To do:
Exactly the lines from the start of the data below through the line that contains "Gedung tempat hotel berlokasi" are to be copied, with pictures left out.

Supplied information:
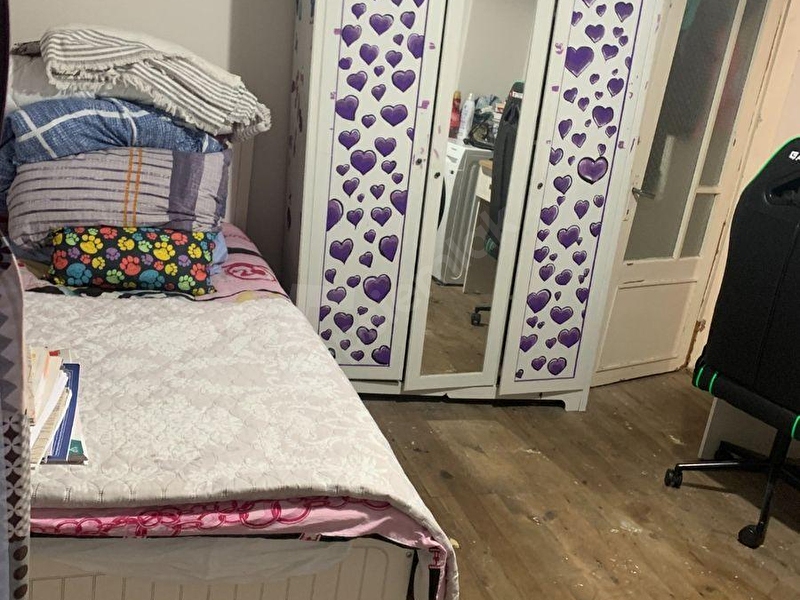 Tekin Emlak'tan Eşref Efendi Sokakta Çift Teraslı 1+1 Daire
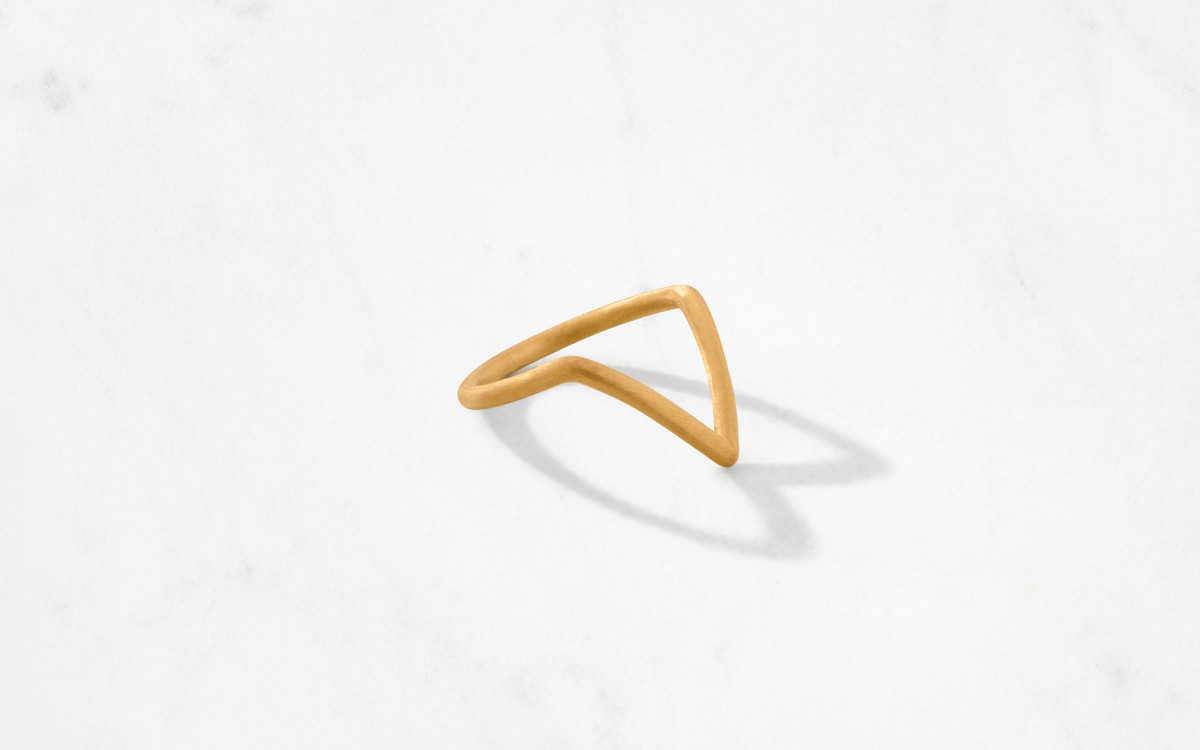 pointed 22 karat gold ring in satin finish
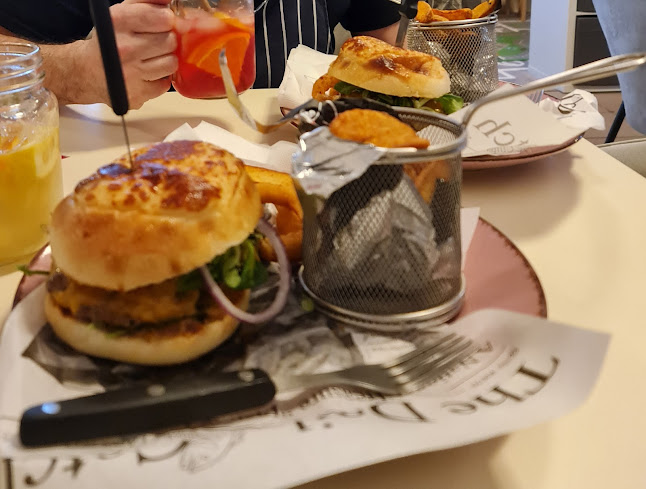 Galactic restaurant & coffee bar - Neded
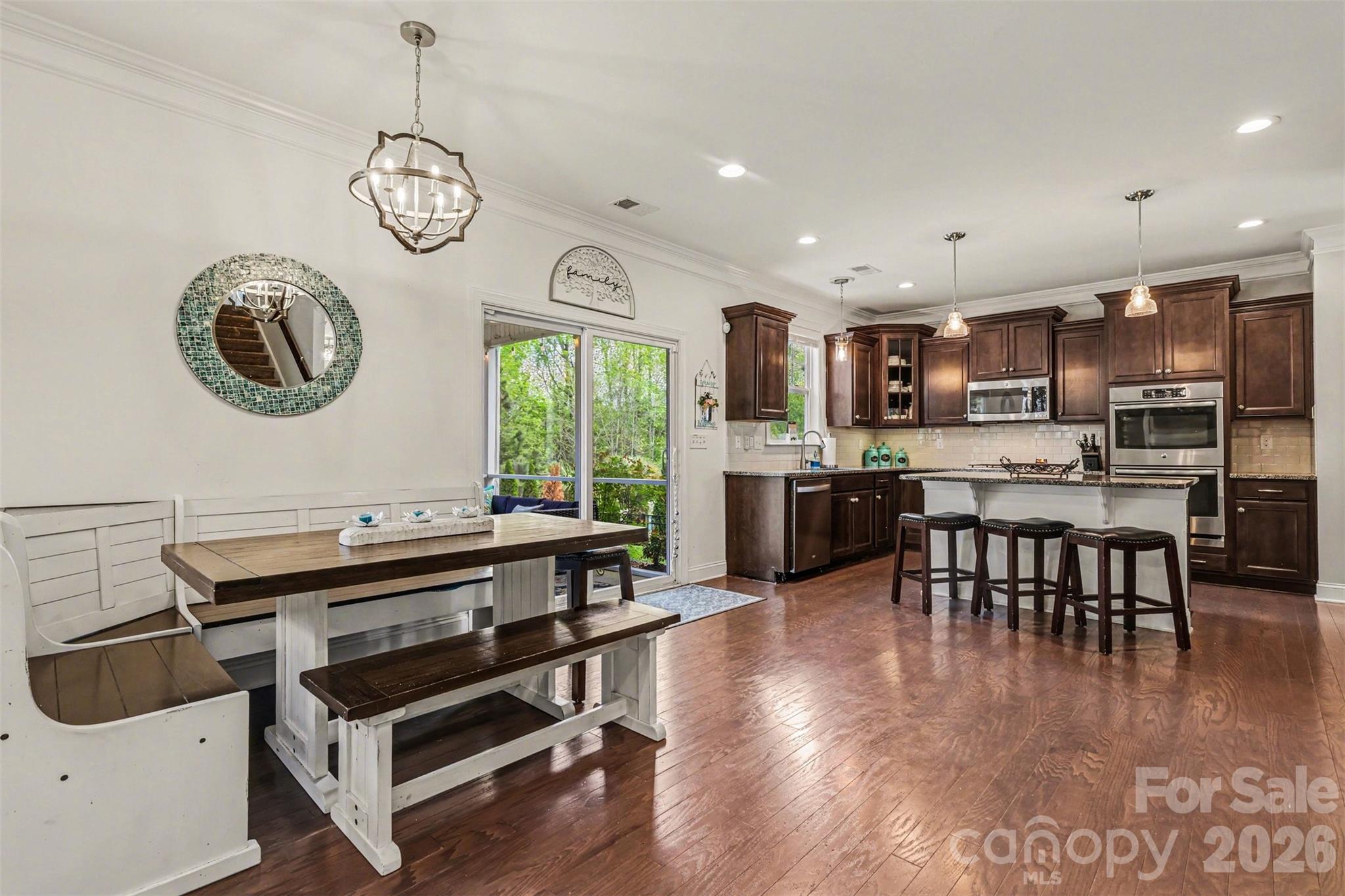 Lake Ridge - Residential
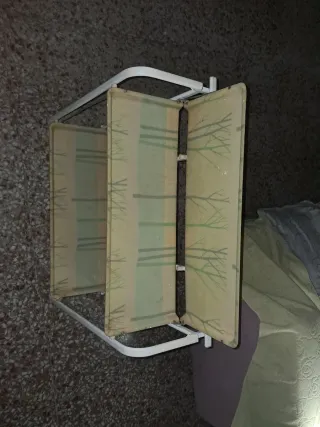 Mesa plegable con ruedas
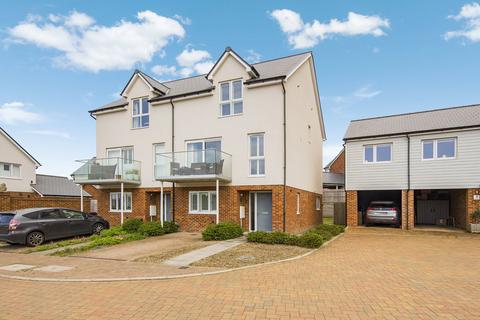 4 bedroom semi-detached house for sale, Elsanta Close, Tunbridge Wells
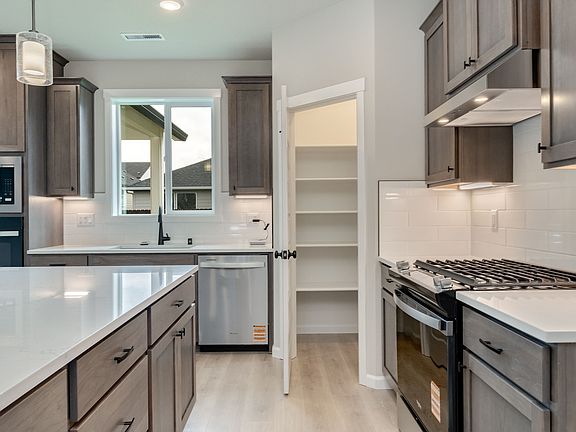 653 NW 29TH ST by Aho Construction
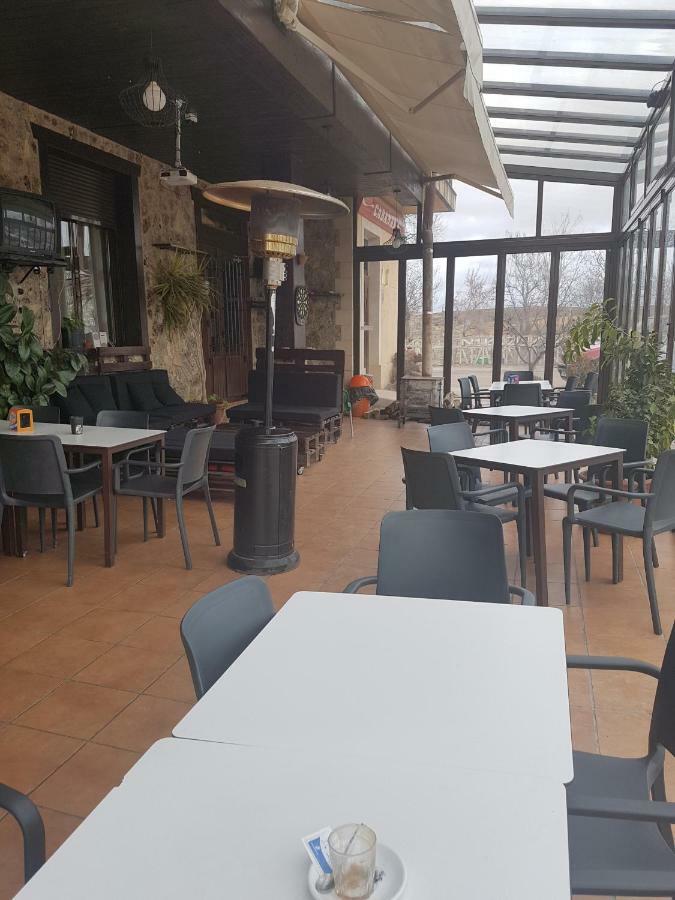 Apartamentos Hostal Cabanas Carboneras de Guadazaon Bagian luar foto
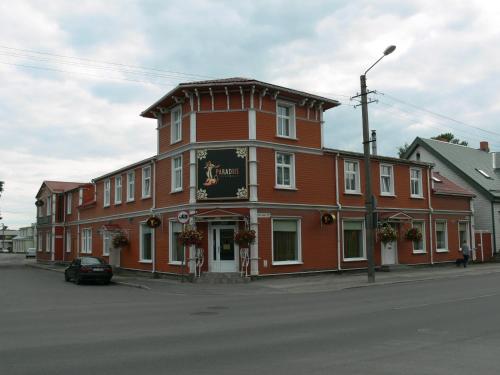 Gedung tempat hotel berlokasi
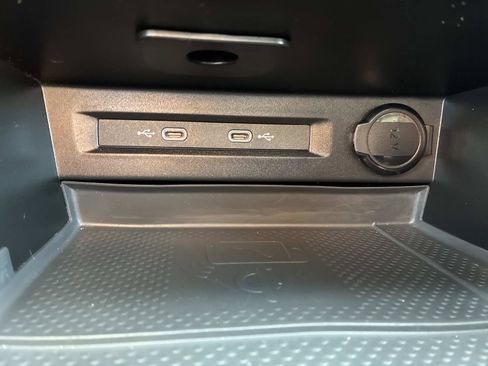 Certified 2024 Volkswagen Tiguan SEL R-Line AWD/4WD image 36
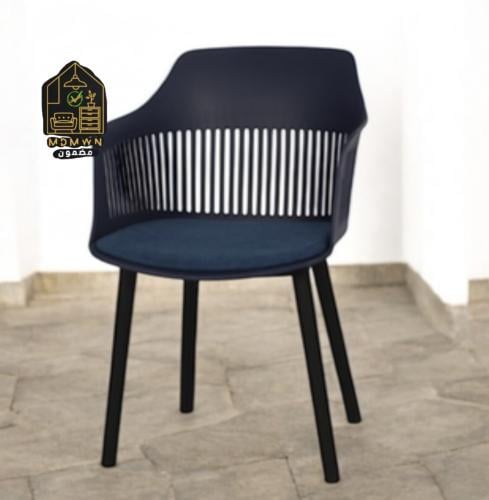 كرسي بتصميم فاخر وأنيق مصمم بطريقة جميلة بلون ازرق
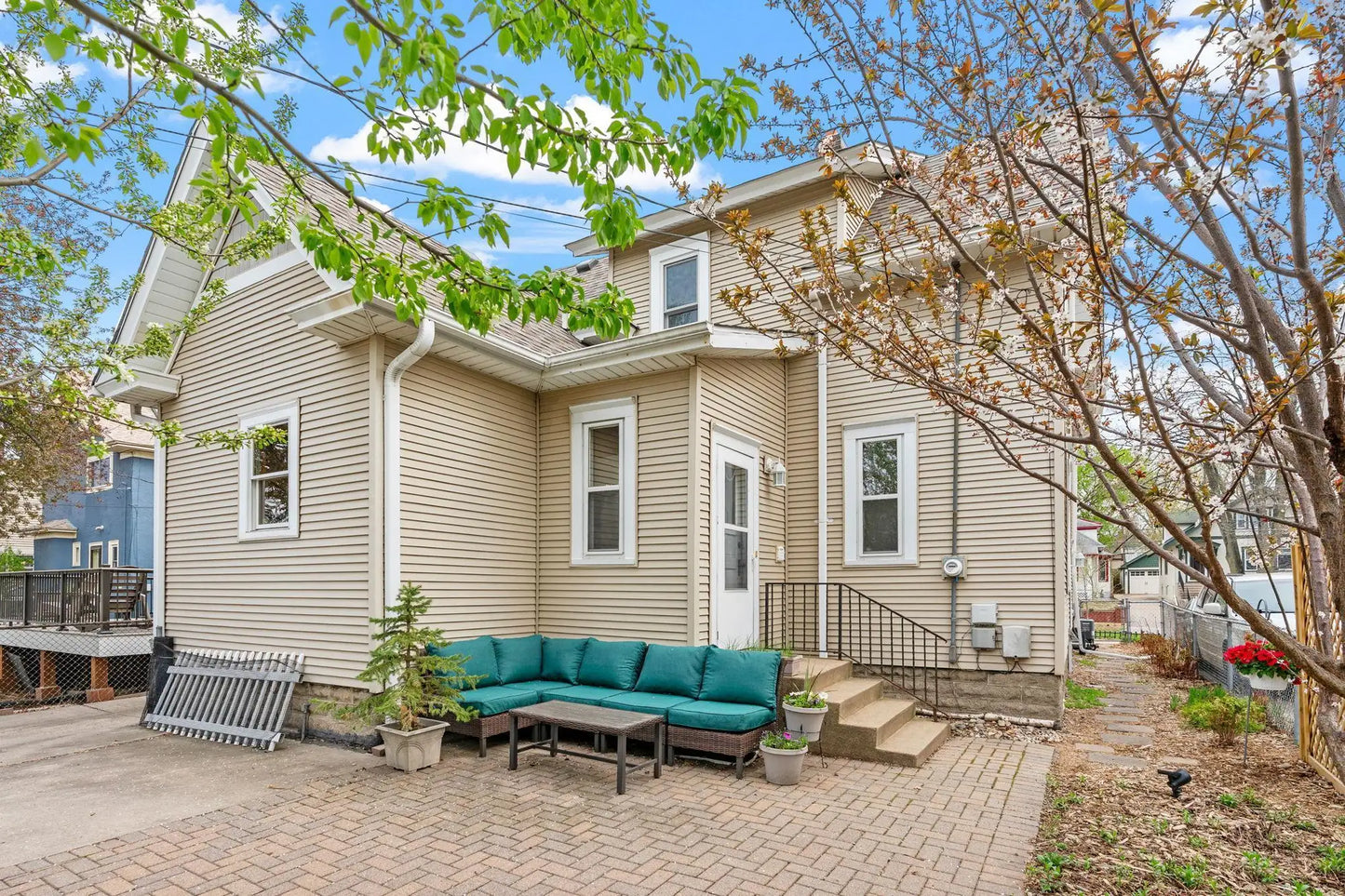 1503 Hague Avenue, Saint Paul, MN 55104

Completed task:
 Tekin Emlak'tan Eşref Efendi Sokakta Çift Teraslı 1+1 Daire
 pointed 22 karat gold ring in satin finish
 Galactic restaurant & coffee bar - Neded
 Lake Ridge - Residential
 Mesa plegable con ruedas
 4 bedroom semi-detached house for sale, Elsanta Close, Tunbridge Wells
 653 NW 29TH ST by Aho Construction
 Apartamentos Hostal Cabanas Carboneras de Guadazaon Bagian luar foto
 Gedung tempat hotel berlokasi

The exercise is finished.